Breakthroughs in stem cell research and the scientific and ethical challenges posed by cloning were among the fascinating topics addressed by Bar-Ilan University (BIU) Prof. Yaron Shav-Tal at an American Friends of Bar-Ilan University's (AFBIU) Young Israel of Scarsdale Scholarship Meeting. This outreach event was hosted by Steve & Adina Fredman on February 20th. It was chaired by long-time AFBIU leader and supporter, Steve Gelles.
Prof. Shav-Tal, a member of the Nano Medicine Center at the Institute of Nanotechnology and Advanced Materials (BINA), and a Senior Lecturer in the Mina and Everard Goodman Faculty of Life Sciences, is now working to better understand how genes switch "on" and "off" in normal cells and in cancer cells. He is currently a Visiting Professor at the Albert Einstein College of Medicine in the Bronx, having taken a one-year sabbatical from Bar-Ilan University.

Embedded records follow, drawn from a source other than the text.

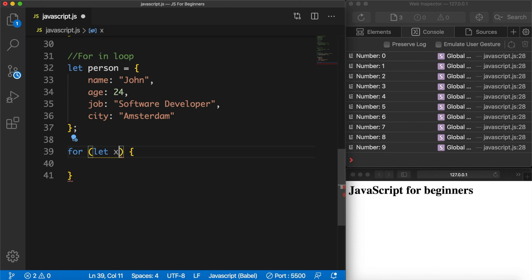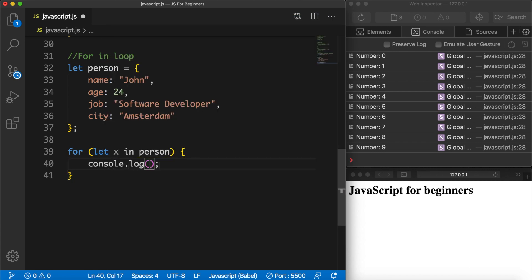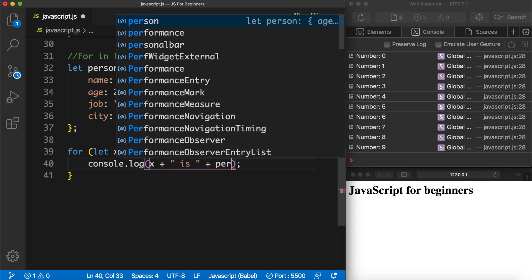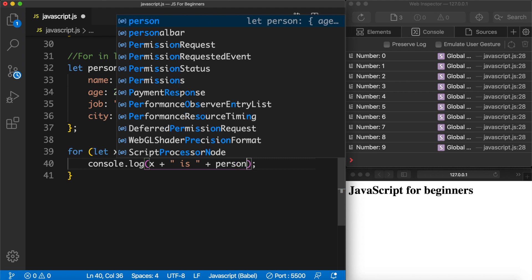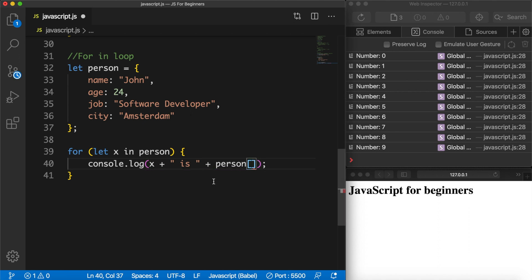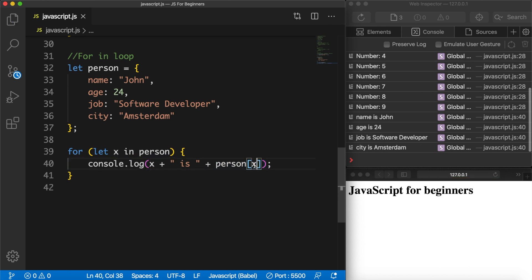Outside of our object we create a new for-in loop. Inside the parentheses we create a new variable — let x — which will contain all the indexes of our object: 0, 1, 2, 3. Then we add the keyword in followed by the object name person. Inside the loop let's create a console.log that prints x concatenated with the string 'is' and then the value person[x]. So name will be printed out instead of x, but the value will be person[x]. Save it and you can see: name is john, age is 24, job is software developer, and city is Amsterdam.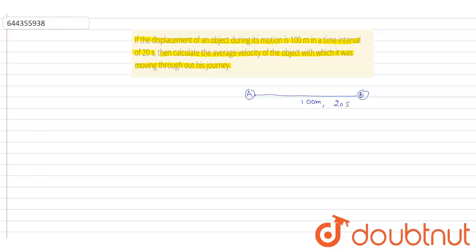Now according to the definition of average velocity, v_average equals total displacement divided by total time. So total displacement is 100 meters and total time is 20 seconds, so we can write it as 5 meters per second.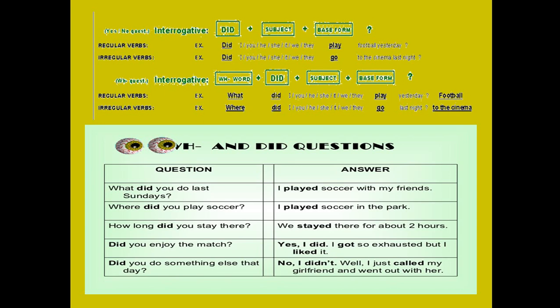Short answers: Yes, I did / Yes, you did / Yes, we did / Yes, he did / Yes, she did. No, I didn't / No, we didn't / No, he didn't / No, she didn't. Soruyu hangi özneyle sormuşsa ona göre cevap veriyoruz.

Finding the Genetic On and Off Switch in Cancer Cells:
He explained how stem cell research is now focusing on the use of adult stem cells, which can be easily obtained from sources such as bone-marrow and placenta. Prof. Shav-Tal said these cells have been shown to have therapeutic effects in a variety of neurological diseases in experimental animal models. Therefore, he added that adult stem cells have great potential to be used for cell replacement therapy in various neurodegenerative disorders.

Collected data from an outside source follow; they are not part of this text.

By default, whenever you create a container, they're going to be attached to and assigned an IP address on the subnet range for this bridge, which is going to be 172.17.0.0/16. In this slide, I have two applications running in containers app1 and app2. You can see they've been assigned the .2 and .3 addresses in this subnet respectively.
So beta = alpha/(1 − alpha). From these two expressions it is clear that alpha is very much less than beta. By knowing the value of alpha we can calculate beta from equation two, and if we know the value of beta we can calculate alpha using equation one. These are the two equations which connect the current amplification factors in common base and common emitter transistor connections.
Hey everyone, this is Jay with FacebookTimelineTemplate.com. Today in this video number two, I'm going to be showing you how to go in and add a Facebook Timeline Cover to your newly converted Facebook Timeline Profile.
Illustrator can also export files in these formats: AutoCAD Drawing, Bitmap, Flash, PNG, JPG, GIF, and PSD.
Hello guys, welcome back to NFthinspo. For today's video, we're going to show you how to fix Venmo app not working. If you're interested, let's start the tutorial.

Prof. Shav-Tal told the group that cloning has mostly gone on the scientific back-burner due to its many problems and costliness. He explained that cloning has an extremely low success rate, and animals that have been cloned have led lives in poor health and died at an early age.
Praising how Bar-Ilan has come a long way in the sciences in the past few years, Prof. Shav-Tal said that the University is gaining greater recognition for its leadership in recruiting the best and brightest returning scientists and reversing the country's "brain drain." Prof. Shav-Tal added that Bar-Ilan has transformed its science and high-tech programs dramatically, which helping to attract Israel's best science researchers and students, and enabled the University to garner more grants and have its work published in prestigious scientific journals.